▼
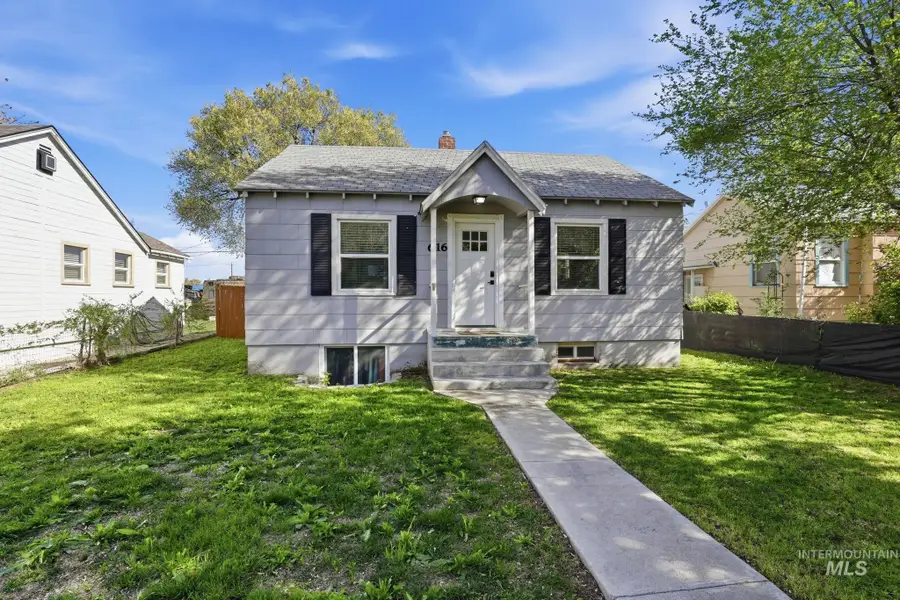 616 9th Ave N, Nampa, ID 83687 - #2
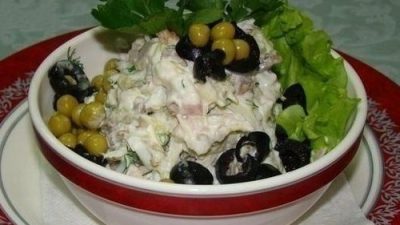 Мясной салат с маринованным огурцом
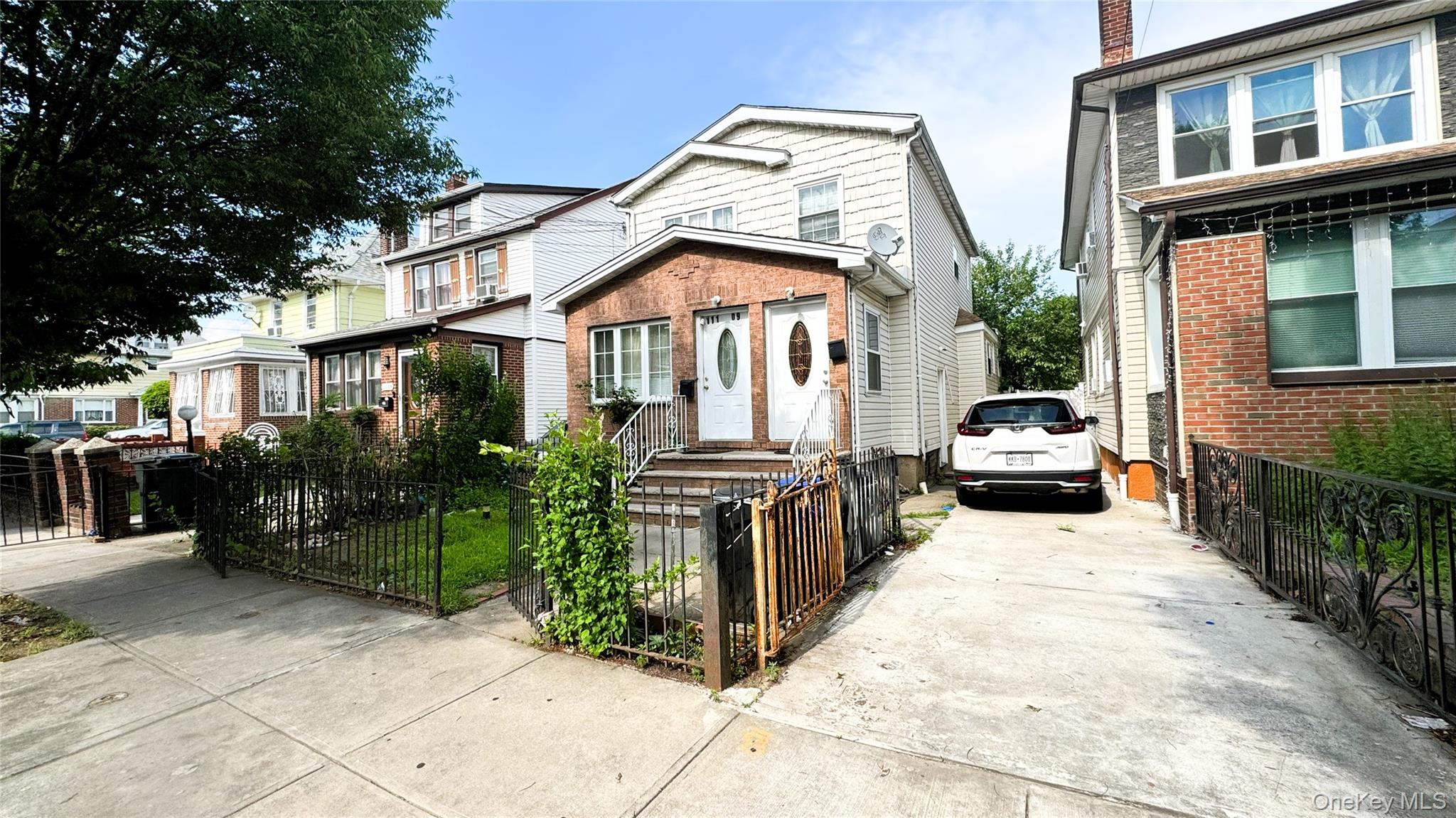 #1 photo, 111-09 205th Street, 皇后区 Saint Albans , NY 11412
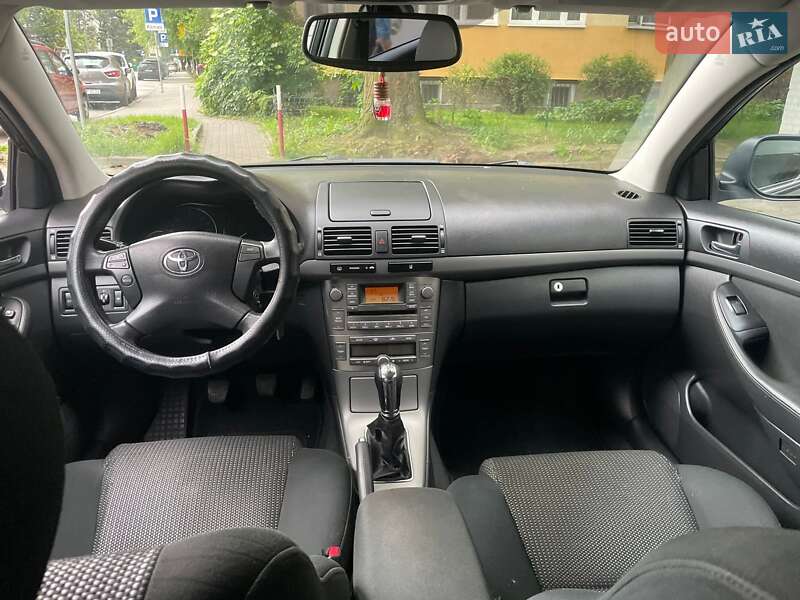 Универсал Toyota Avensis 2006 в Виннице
▲
▼
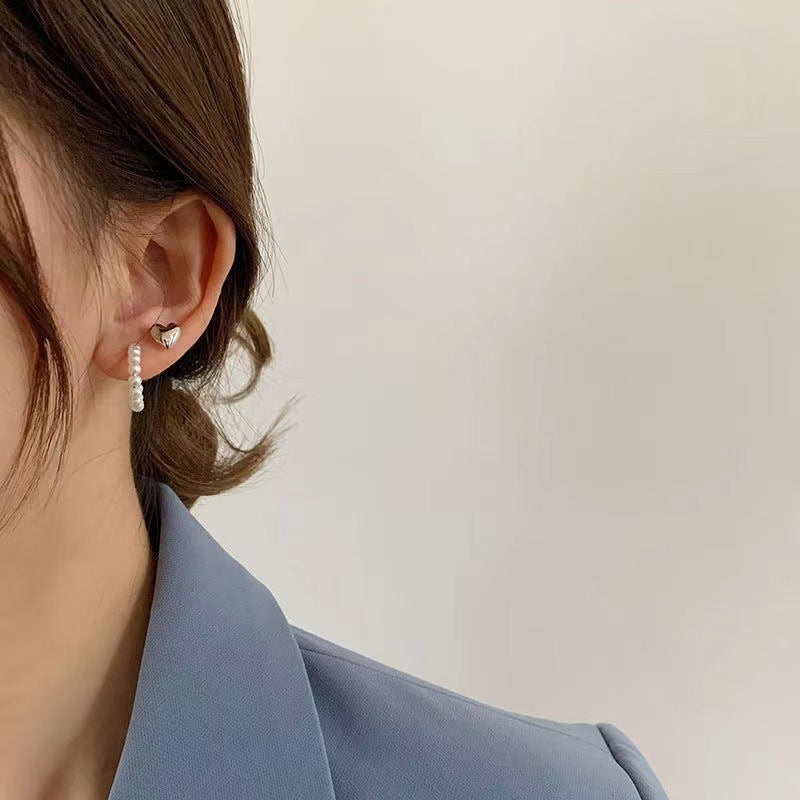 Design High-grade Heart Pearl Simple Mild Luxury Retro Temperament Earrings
▲
▼
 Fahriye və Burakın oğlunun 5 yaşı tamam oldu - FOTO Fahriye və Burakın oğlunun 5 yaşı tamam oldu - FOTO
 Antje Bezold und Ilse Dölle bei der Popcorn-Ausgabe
▲
No picture is to be printed. Output exactly the lines above from the line containing "616 9th Ave N, Nampa, ID 83687 - #2" through the line containing "Универсал Toyota Avensis 2006 в Виннице".

 616 9th Ave N, Nampa, ID 83687 - #2
 Мясной салат с маринованным огурцом
 #1 photo, 111-09 205th Street, 皇后区 Saint Albans , NY 11412
 Универсал Toyota Avensis 2006 в Виннице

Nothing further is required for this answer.